The defendant also suggests that the butcher knife was not a dangerous weapon, a fatuous argument under the circumstances here. There was sufficient evidence to support the conclusion reached by the trial court that a knife of the type carried by defendant, under the circumstances, was a dangerous and deadly weapon. State v. Shannon, 467 S.W.2d 4 (Mo.1971); State v. Ellinger, 549 S.W.2d 136 (Mo.App.1977.)
The defendant also contends that the search for weapons was an illegal search as it was made without a warrant, was not incident to a lawful arrest and was without probable cause. We believe defendant’s argument in this regard to be untenable as the search was a permissible custodial search, reasonable under the circumstances. Such search was a reasonable and permissible security measure even though the defendant was not a convicted inmate at the time. Defendant had not yet been convicted, but he was detained in lawful custody similar to a prisoner and, thus, subject to surveillance and search. Kansas City v. McCoy, 525 S.W.2d 336 (Mo. banc 1975); State v. Williams, 486 S.W.2d 468 (Mo.1972); State v. Darabcsek, 412 S.W.2d 97 (Mo.1967).

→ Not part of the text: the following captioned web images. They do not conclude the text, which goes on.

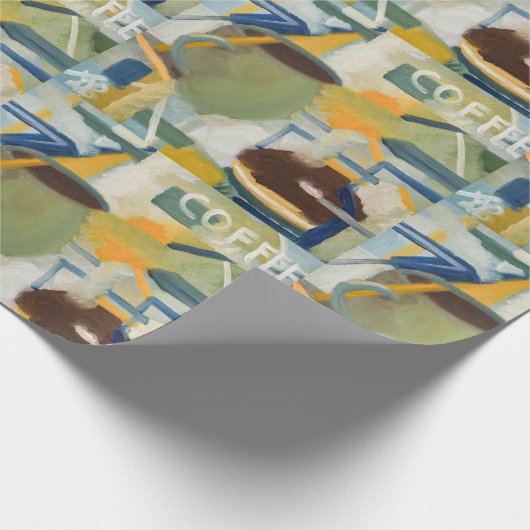 Frühstücksblende Geschenkpapier (Ecke)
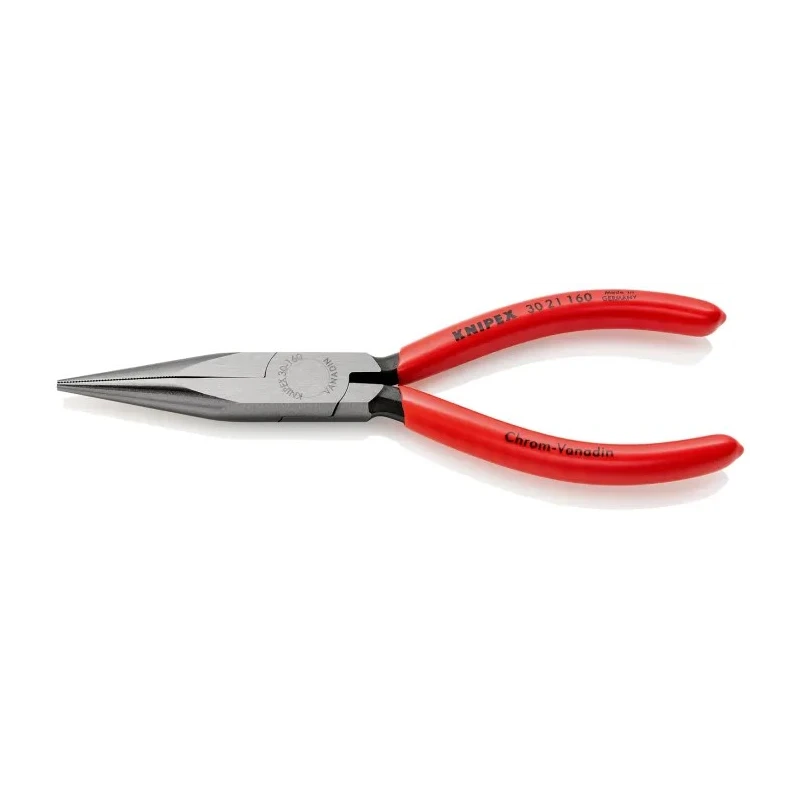 Knipex Long Nose Plier Round Jaw 160mm Overall Length 50mm Jaw Length 30 21 160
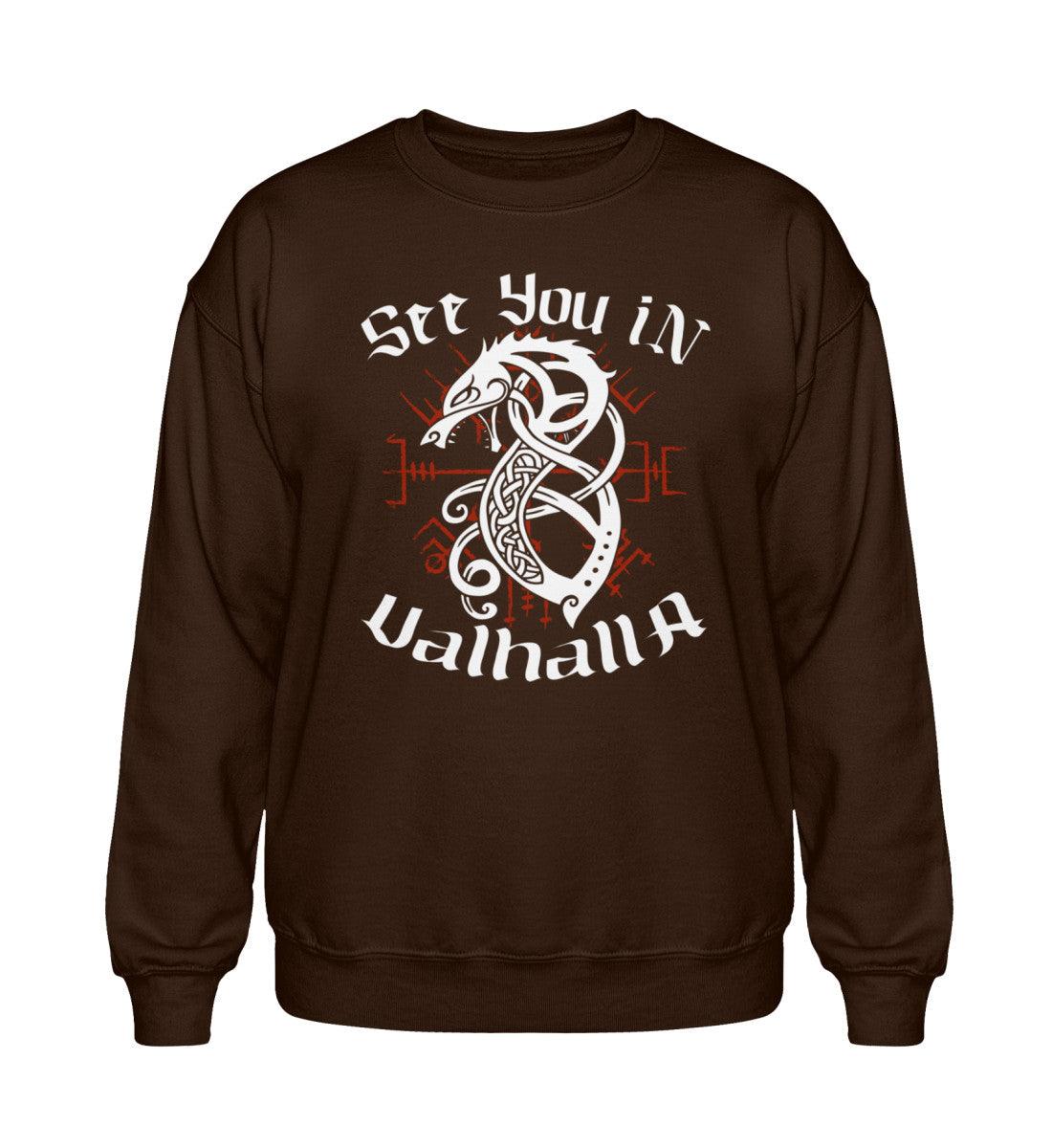 Heavy Blend Wikinger Sweatshirt – "See You in Valhalla" - Nordic Viking Wear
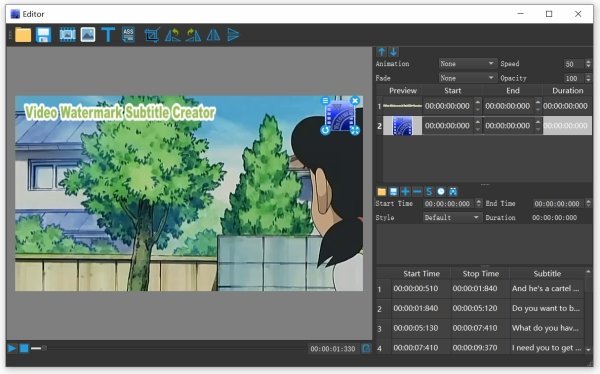 Video Watermark Subtitle Creator 4.0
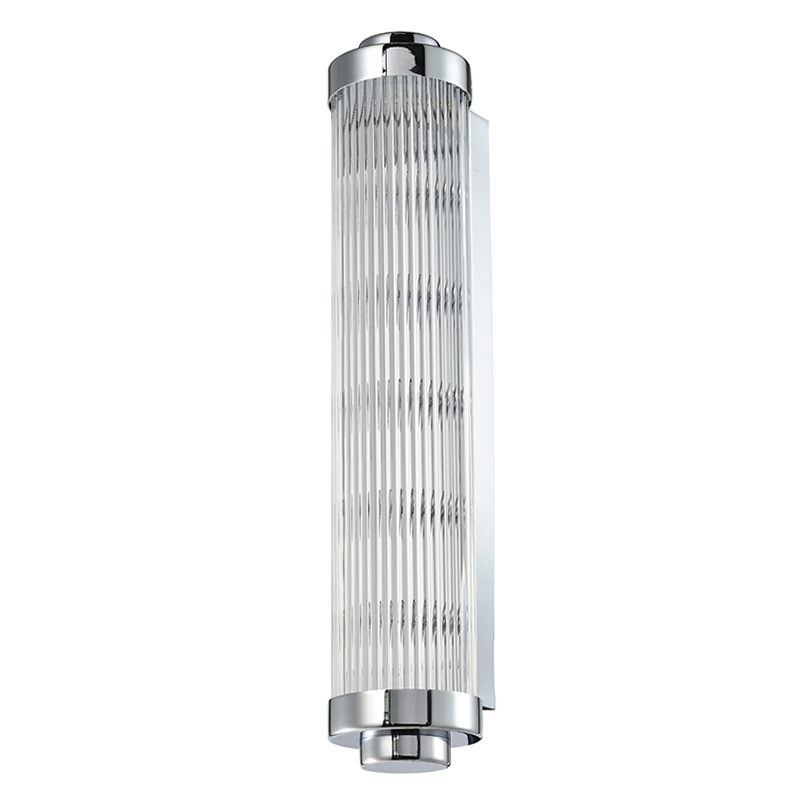 Бра Buck Glass TUBE Wall Lamp Nickel Никель Прозрачный (Transparent) в Ижевске | Loft Concept 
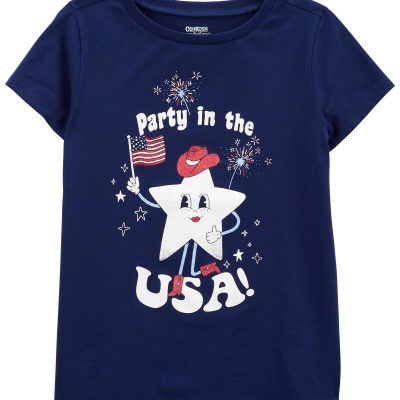 Navy Kid Party in the USA Graphic Tee | carters.com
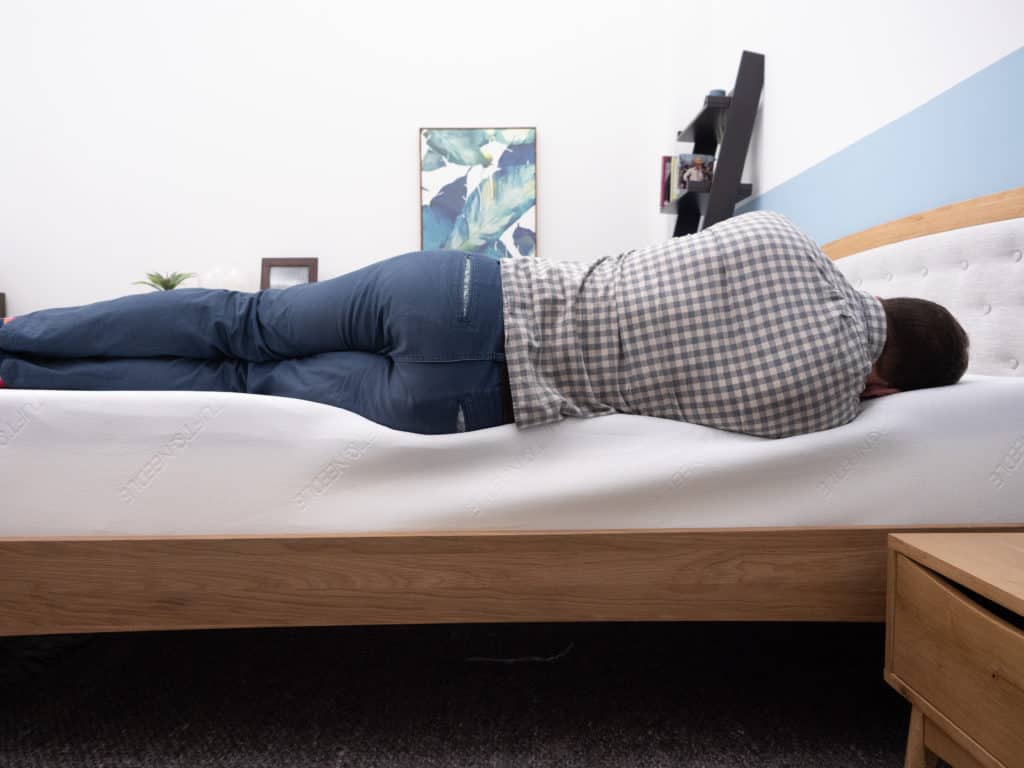 Side sleeping on the Tuft and Needle mattress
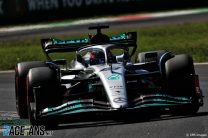 George Russell, Mercedes, Monza, 2022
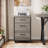 Modern 3-Drawer Rolling Vertical File Cabinet With Locking Casters,  Mobile Printer Stand For Home Office-1177238353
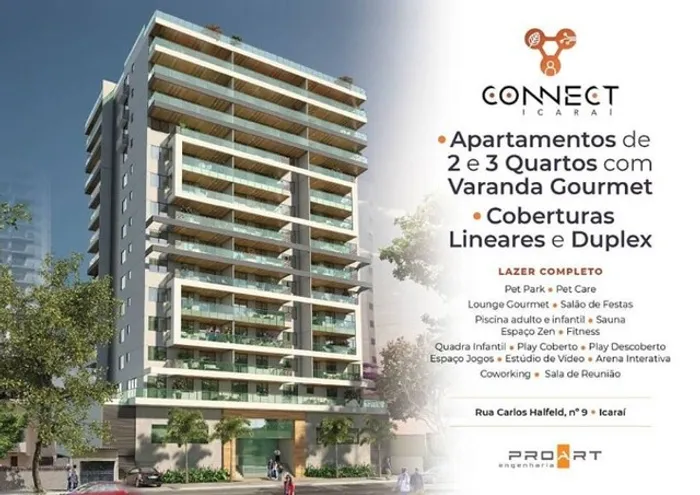 Condomínio Connect Icaraí- Rua Doutor Carlos Halfeld, 9 - Icaraí - Niterói/RJ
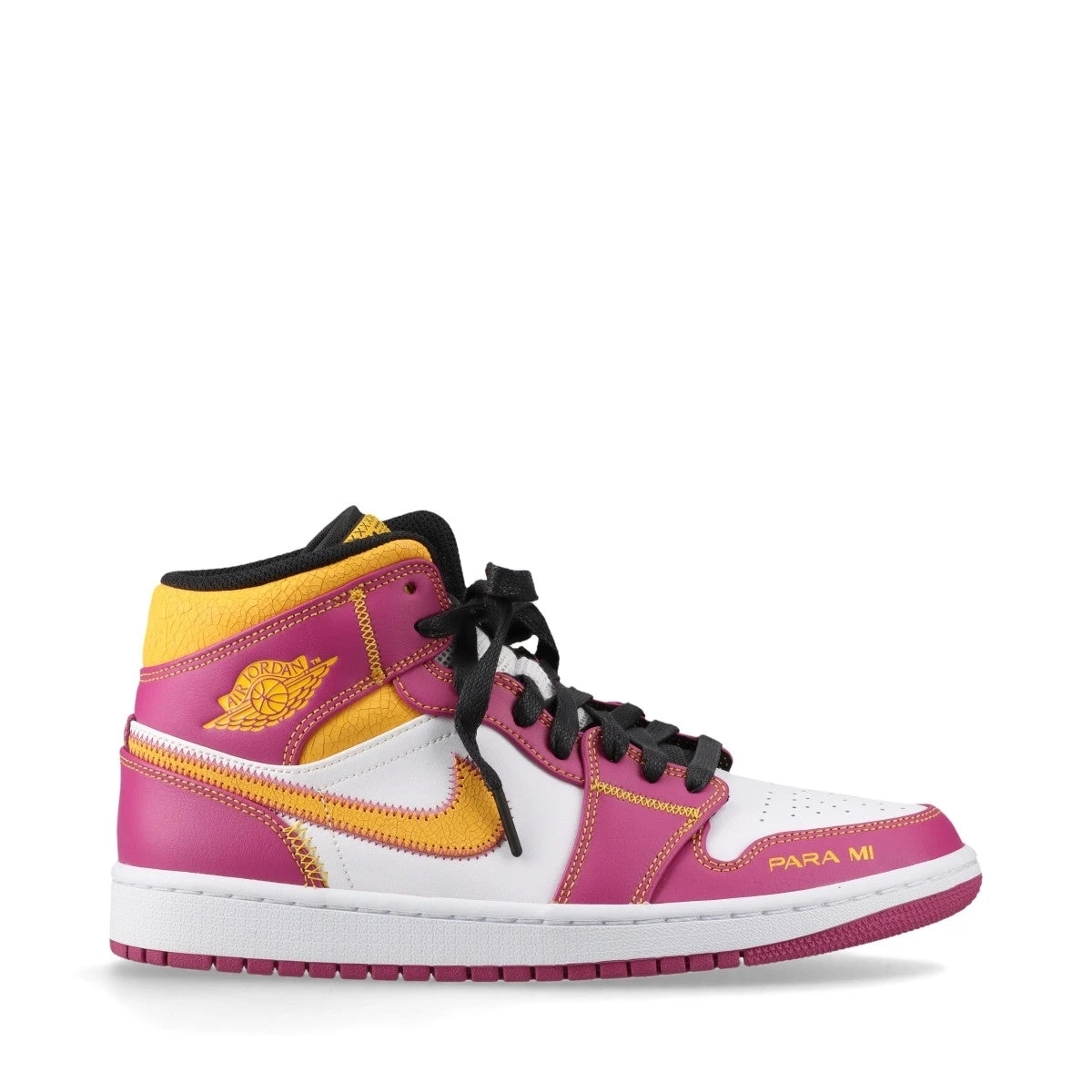 NIKE ハイカットスニーカー 紫/黄色 - メルカリ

Finally, the defendant argues that the trial court erred in failing to strike the testimony of the State’s witnesses after it was determined that the prosecutor had failed to disclose an investigative report of one of the sheriff’s deputies. Rule 25.45 V.A.M.R. permits the trial court to impose such sanctions as it deems just under the circumstances where there is a failure to disclose information and a failure to comply with an applicable discovery rule or order. Obviously, much is left to the trial court’s discretion as to the imposition of sanctions. We find no abuse of the trial court’s discretion in refusing to disallow the testimony of the State’s witnesses.
Judgment affirmed.
SIMEONE, C. J, and SMITH, CLEMENS and McMILLIAN, JJ., concur. WILLIAM H. CRANDALL, Jr., Special Judge, dissents. KELLY, J., joins in dissent by WILLIAM H. CRANDALL, Special Judge.